Plagiarism: Representing the work of another as one’s own. Plagiarism includes but is not limited to the following: copying the answers of another student on an examination, copying or restating the work or ideas of another person or persons in any oral or written work (printed or electronic) without citing the appropriate source, and collaborating with someone else in an academic endeavor without acknowledging his or her contribution. Plagiarism can consist of acts of commission-appropriating the words or ideas of another-or omission failing to acknowledge/document/credit the source or creator of words or ideas (see below for a detailed definition of plagiarism).
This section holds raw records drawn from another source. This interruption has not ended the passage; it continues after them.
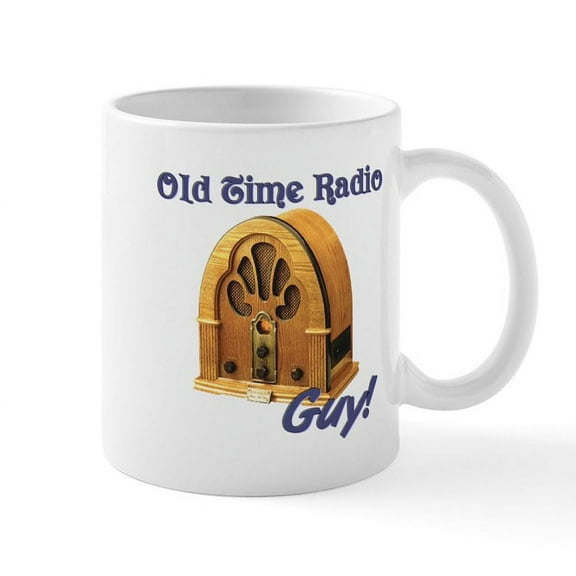 CafePress - Old Time Radio Guy Mug - 11 oz Ceramic Mug - Novelty Coffee Tea Cup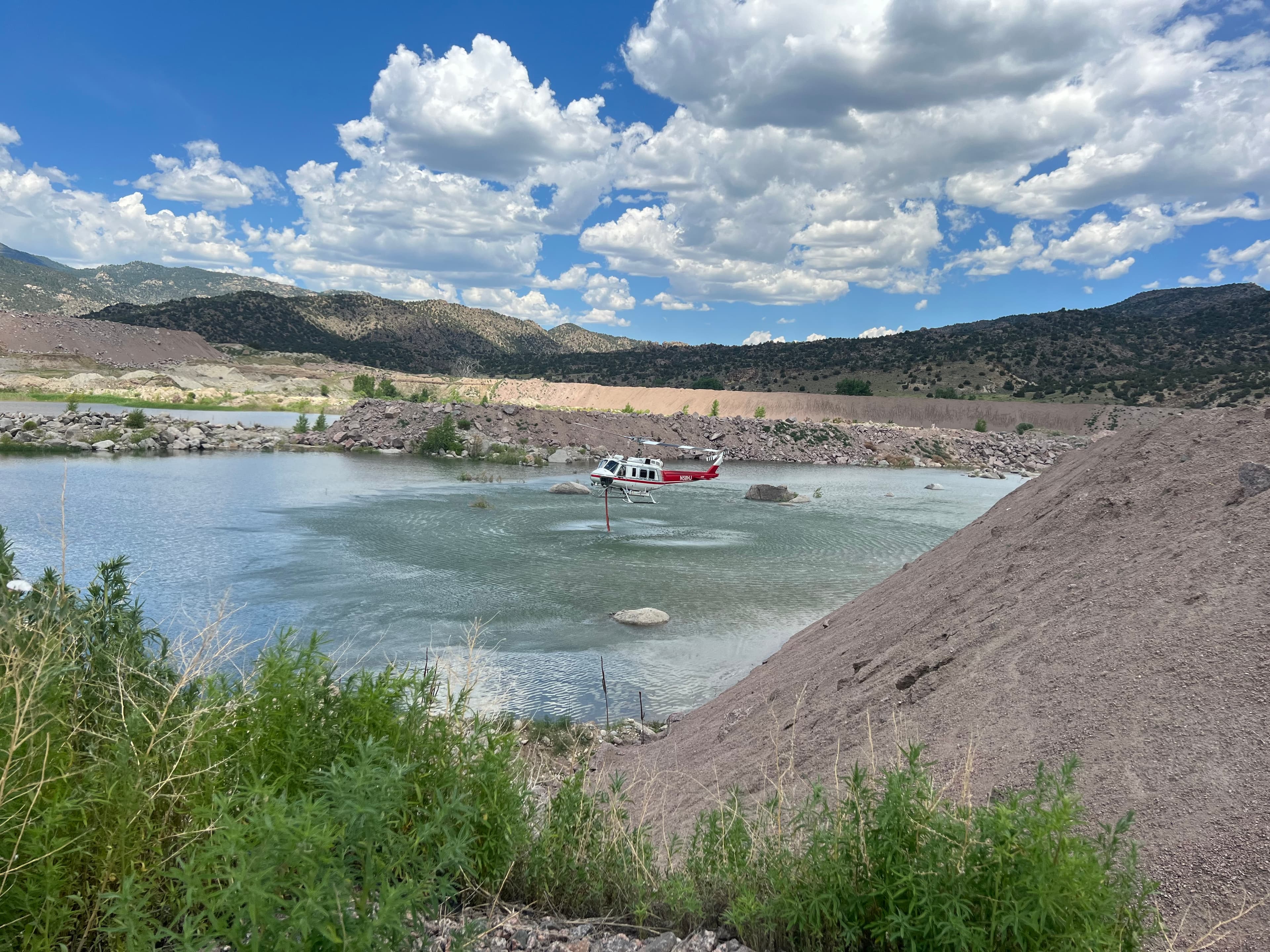 Martin Marietta Parkdale Quarry serves as an emergency water source for firefighters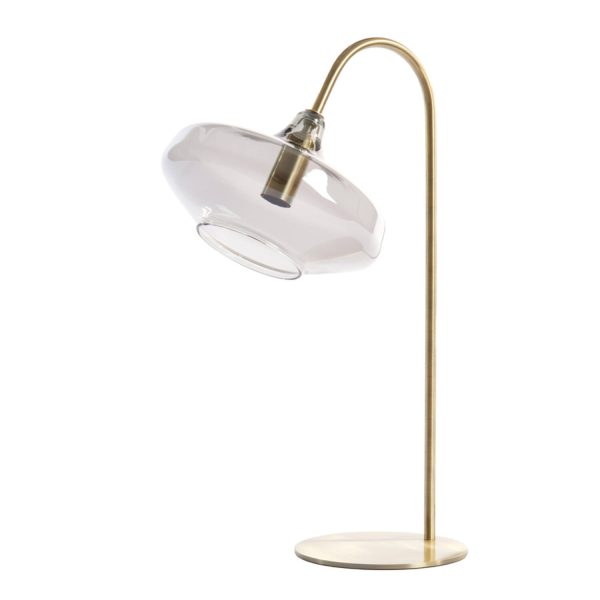 Light & Living Tafellamp E14 31x22x50 cm SOLNA antiek brons+smoke glas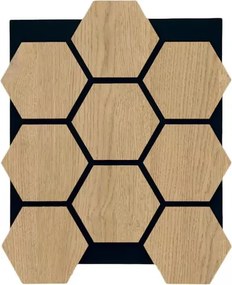 Hexagon Vilt Woodie Paneel Light -  cm x  cm x  cm | 2.8 kg | Paneli akoestische wandpanelen - AKU Wandpanelen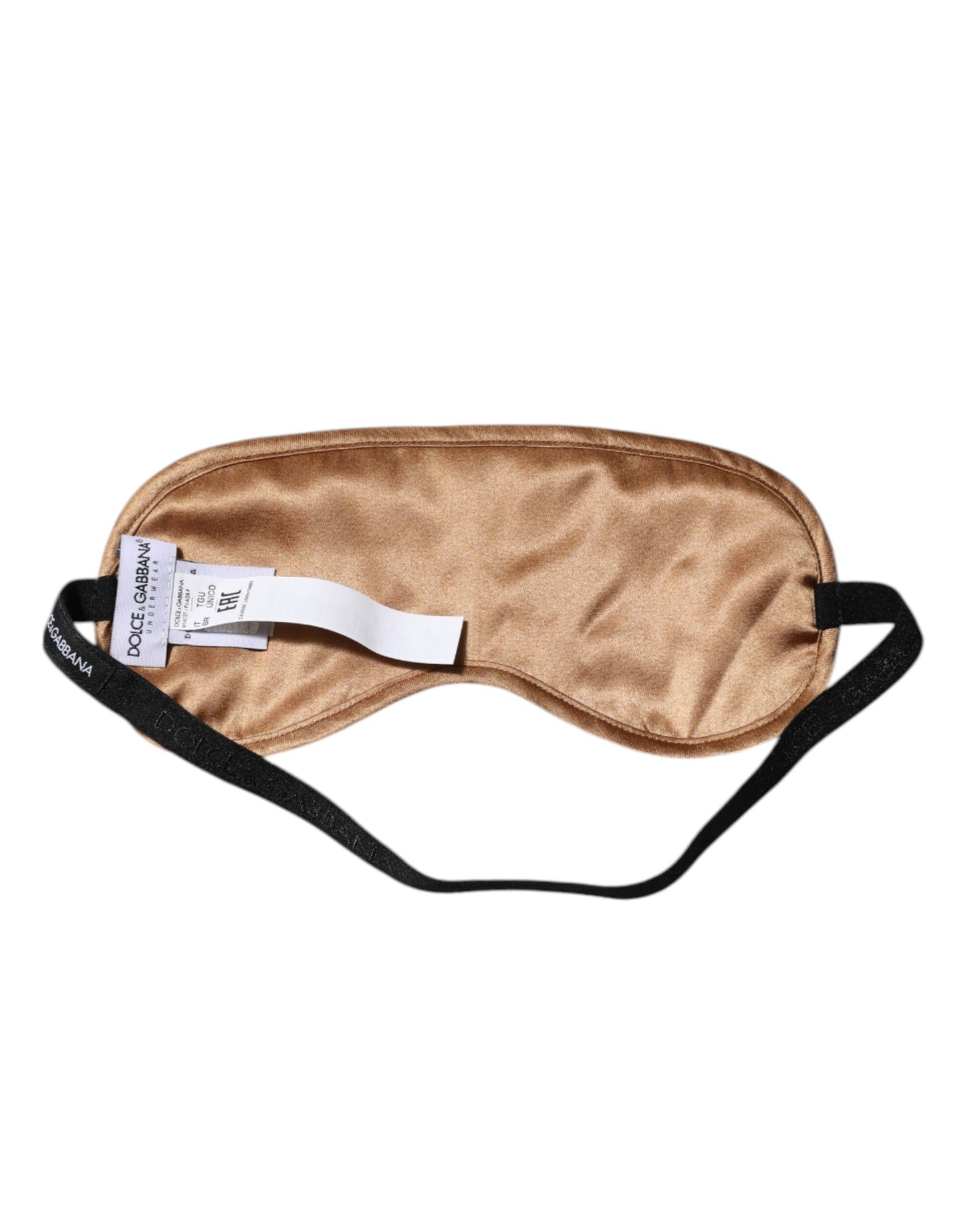 Ensemble de sous-vêtements Dolce &amp; Gabbana beige pour homme avec boxer et masque pour les yeux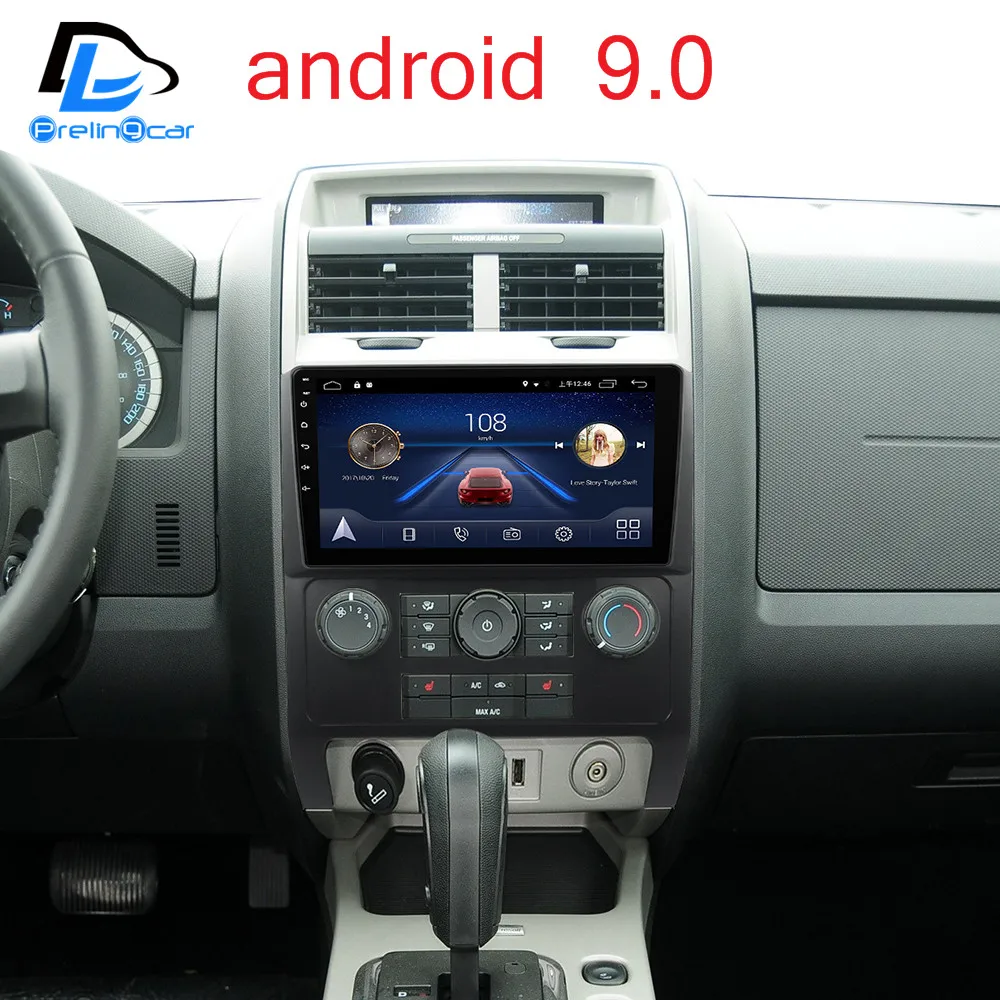 Android 9,0 автомобильный DVD gps стерео аудио навигационная система для Ford Северная Америка escape kuga 2007-2012 mazda tribo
It also includes colluding with someone else in an academic endeavor without acknowledging his or her contribution, using audio or video footage that comes from another source (including work done by another student) without permission and acknowledgement of that source.

Religious Observance

Students are permitted to be absent from class, including classes involving examinations, labs, excursions, and other special events, for purposes of religious observance. In-class, take-home and lab assignments, and other work shall be made up in consultation with the student’s instructors. More details on BU’s religious observance policy are available here.